Il coronavirus può colpire il cervello: «Anche nei giovani rischio ictus»

Il documento dei giovani neurologi italiani: «La catena infiammatoria forse è in grado di causare anche nel sistema nervoso i danni già rilevati nei polmoni dei pazienti» …

Sars-CoV-2 non colpisce solo i polmoni, ormai è una cosa risaputa: ma quanto gravi possono essere gli effetti su organi vitali come il cervello? La malattia da nuovo coronavirus può avere conseguenze sul sistema nervoso, centrale e periferico, e il sospetto è che possano andare oltre il breve periodo: i sintomi più noti sono la perdita di gusto e olfatto, ma sono stati segnalati fenomeni più gravi come ictus (anche in giovani adulti), encefaliti, stanchezza muscolare e dolore intensi.
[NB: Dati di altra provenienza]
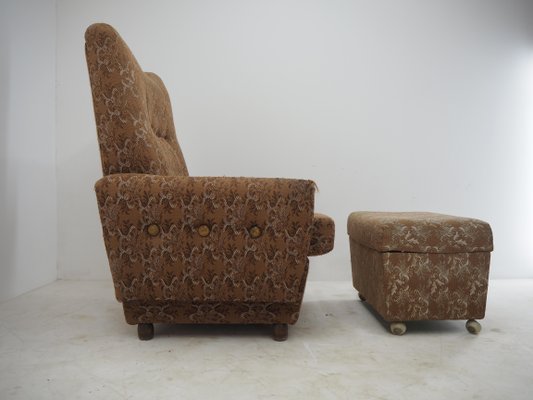 Armchair with Footstool, 1960s, Set of 2-TZ-1033126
Un gruppo di giovani neurologi italiani ne hanno parlato in un documento pubblicato sulla rivista scientifica Neurological Science. «La consapevolezza che Covid può avere un’espressione neurologica deve essere condivisa e le nuove generazioni di specializzandi sono chiamate ad affrontare un’inedita patologia, che ci preannuncia un nuovo mondo anche dal punto di vista sanitario» scrivono gli autori.
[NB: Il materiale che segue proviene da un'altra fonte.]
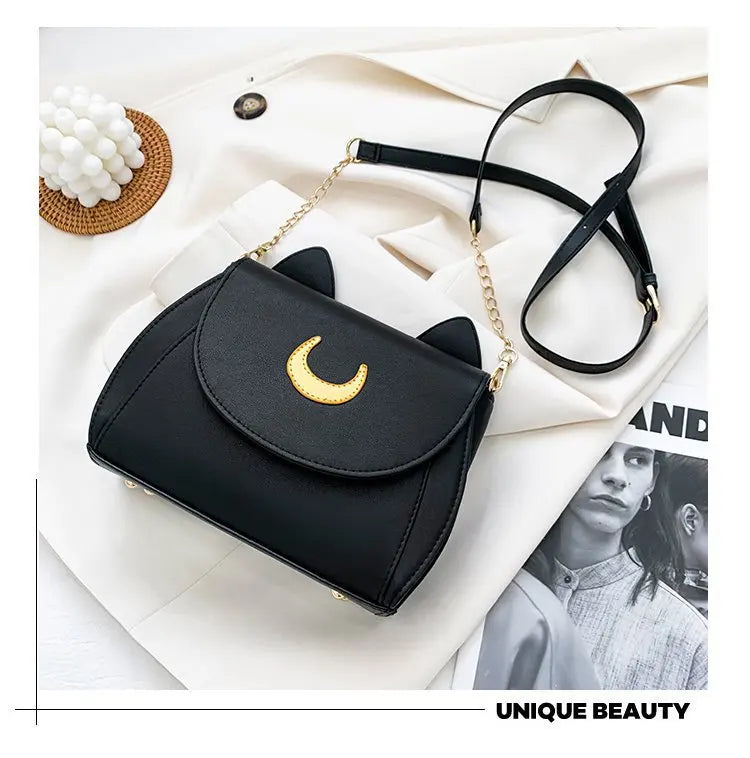 Summer Sailor Moon Ladies Handbag Black Luna Cat Shape Chain Shoulder Bag PU Leather Women Messenger Crossbody Small Bag Purses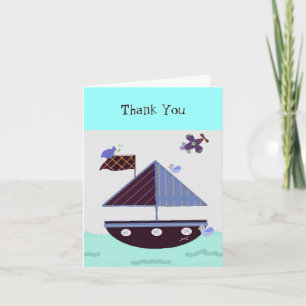 Sailboat and Airplane Thank You Card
Virus che colpiscono diversi organi

Vincenzo Silani, professore ordinario di Neurologia della Statale di Milano e direttore dell’Unità operativa di neurologia dell’Istituto nel capoluogo lombardo, spiega di aver «chiesto agli specializzandi di redigere la letter per testimoniare il loro interessamento per questa nuova neurologia che forse ci accompagnerà negli anni, legata a pandemie con nuovi agenti virali e interessamento su più organi, compreso il sistema nervoso». Scrive Narghes Calcagno, autrice del testo con altri specializzandi in formazione all’Istituto Auxologico: «Suscita particolare rilevanza clinica l’interpretazione delle manifestazioni neurologiche nel paziente, legate in parte alla invasione attraverso le vie nasali, la co-espressione del recettore ACE-2, sia nel polmone che nel sistema nervoso, e la catena infiammatoria che potrebbe perpetrare anche nel sistema nervoso i danni rilevati nei polmoni».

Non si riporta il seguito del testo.